Les classes d’adaptation résultent souvent de la transformation d’anciennes classe de perfectionnement. Mais elles n’appartiennent pas au secteur de l’AIS. Elles sont généralement destinées aux enfants venant de grande section maternelle pour lesquels l’apprentissage de la lecture semble prématuré. Elles peuvent être également conçues pour des élèves ayant déjà fait un CP ou pour des élèves de tout niveau. Elles présentent des modes de fonctionnement variables allant de la classe fermée à semi-ouverte. Théoriquement les maîtres E titulaires de ces postes devraient travailler en réseau au même titre que leurs collègues en Rased. En réalité ces classes restent la plupart du temps repliées sur elles-mêmes, ouvertes au mieux sur le groupe scolaire où elles sont situées.

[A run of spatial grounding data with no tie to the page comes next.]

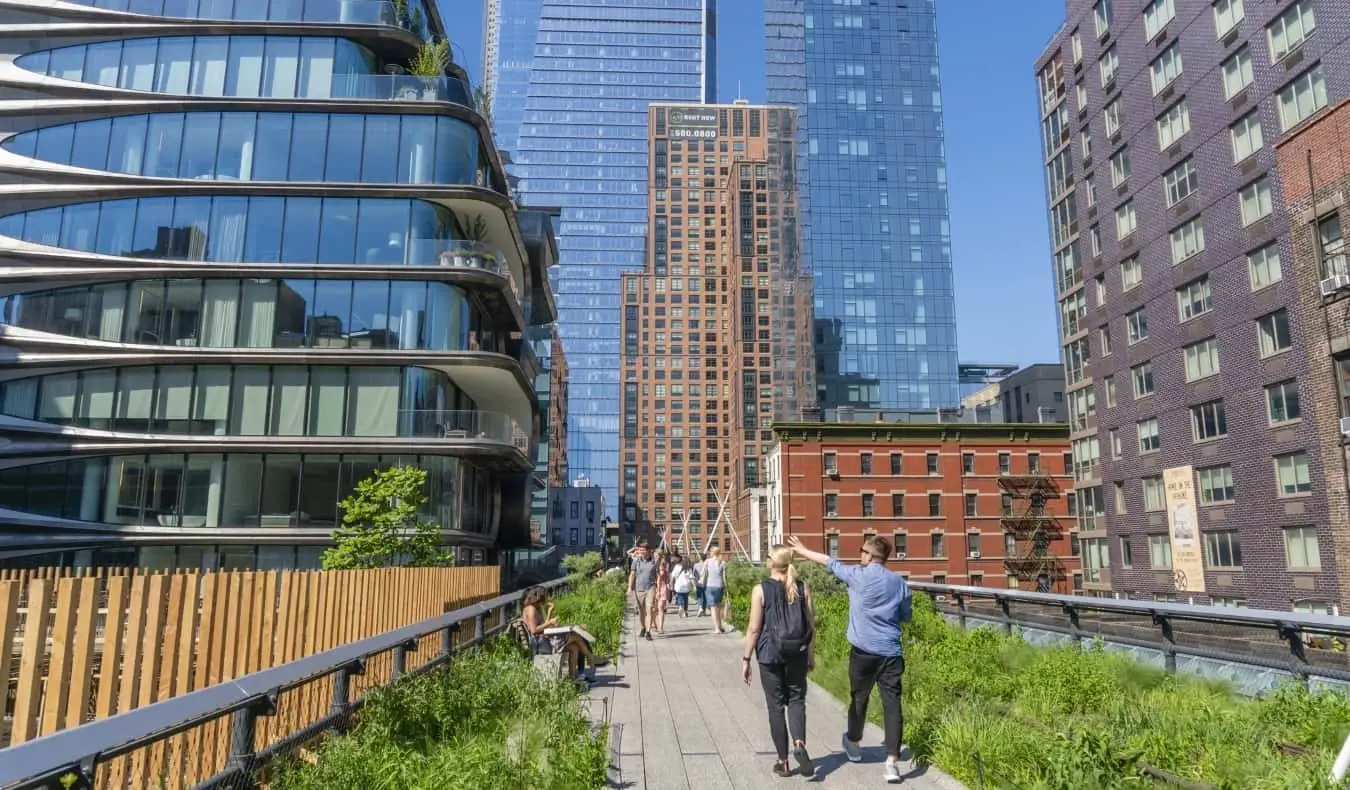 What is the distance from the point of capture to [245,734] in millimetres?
5328

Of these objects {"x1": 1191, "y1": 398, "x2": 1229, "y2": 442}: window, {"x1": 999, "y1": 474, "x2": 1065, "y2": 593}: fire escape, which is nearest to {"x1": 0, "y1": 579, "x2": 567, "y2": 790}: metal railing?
{"x1": 1191, "y1": 398, "x2": 1229, "y2": 442}: window

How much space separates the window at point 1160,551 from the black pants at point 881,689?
35245mm

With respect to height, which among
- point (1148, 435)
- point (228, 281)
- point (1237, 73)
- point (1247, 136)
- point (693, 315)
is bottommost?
point (1148, 435)


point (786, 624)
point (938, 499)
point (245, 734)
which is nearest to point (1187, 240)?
point (938, 499)

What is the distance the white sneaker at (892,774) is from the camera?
22.9ft

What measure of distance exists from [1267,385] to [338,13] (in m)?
38.3

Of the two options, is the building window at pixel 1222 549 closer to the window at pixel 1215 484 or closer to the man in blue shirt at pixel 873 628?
the window at pixel 1215 484

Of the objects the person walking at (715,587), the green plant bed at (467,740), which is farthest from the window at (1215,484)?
the green plant bed at (467,740)

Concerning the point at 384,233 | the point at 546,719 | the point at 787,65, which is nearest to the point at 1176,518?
the point at 384,233

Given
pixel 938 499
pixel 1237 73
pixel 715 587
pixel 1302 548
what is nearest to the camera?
pixel 715 587

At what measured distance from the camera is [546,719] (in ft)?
24.3

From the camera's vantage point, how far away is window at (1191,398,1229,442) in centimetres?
3450

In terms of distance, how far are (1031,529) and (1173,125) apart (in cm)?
3581

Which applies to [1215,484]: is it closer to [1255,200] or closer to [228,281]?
[1255,200] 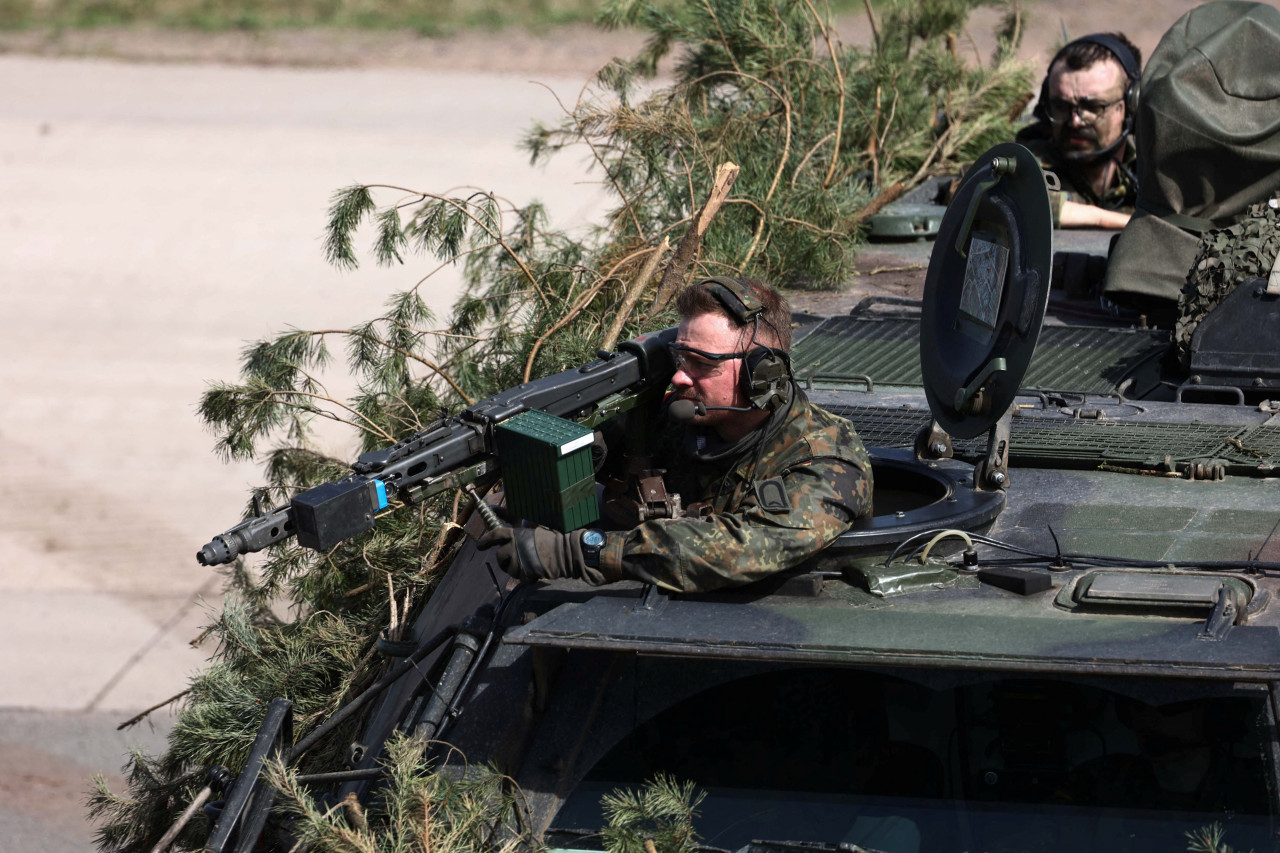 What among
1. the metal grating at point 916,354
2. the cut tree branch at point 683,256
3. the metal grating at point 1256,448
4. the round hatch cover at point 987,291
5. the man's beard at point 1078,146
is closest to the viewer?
the round hatch cover at point 987,291

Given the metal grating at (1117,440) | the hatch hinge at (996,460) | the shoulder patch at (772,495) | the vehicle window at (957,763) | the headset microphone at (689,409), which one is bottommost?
the vehicle window at (957,763)

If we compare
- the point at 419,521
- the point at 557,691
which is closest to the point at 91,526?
the point at 419,521

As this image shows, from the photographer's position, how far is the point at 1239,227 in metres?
4.50

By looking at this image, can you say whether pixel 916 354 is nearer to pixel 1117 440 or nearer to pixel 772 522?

Le modèle le plus fréquent correspond à la classe fermée le matin – avec le groupe fixe d’enfants inscrits dans cette classe – et ouverte l’après-midi – les élèves précédents sont ventilés dans d’autres classes pour des activités avec les enfants de leur âge tandis que le maître E accueille des groupes d’élèves en difficulté ou non en provenance de classes « ordinaires ».

Les regroupements d’adaptation correspondent à l’éclatement de la classe d’adaptation. Ils sont fréquemment implantés sur plusieurs écoles. Le maître E chargé d’un tel poste rassemble périodiquement des groupes d’élèves pendant une heure environ – ou un peu moins selon l’âge des enfants -, au rythme de deux à trois fois par semaine – voire plus. La décision de prise en charge se construit avec l’équipe de cycle, le réseau et l’IEN. Elle donne lieu à la rédaction d’un projet impliquant tous les acteurs : élève, maître de la classe, maîtres du cycle ou de l’école, maître E. Les parents sont souvent informés de l’aide mise en place, rarement sollicités pour agir de façon particulière à leur niveau. Le suivi demande un engagement réciproque et de fréquents échanges pour réactualiser objectifs et modalités de travail au vu des progrès de l’élève.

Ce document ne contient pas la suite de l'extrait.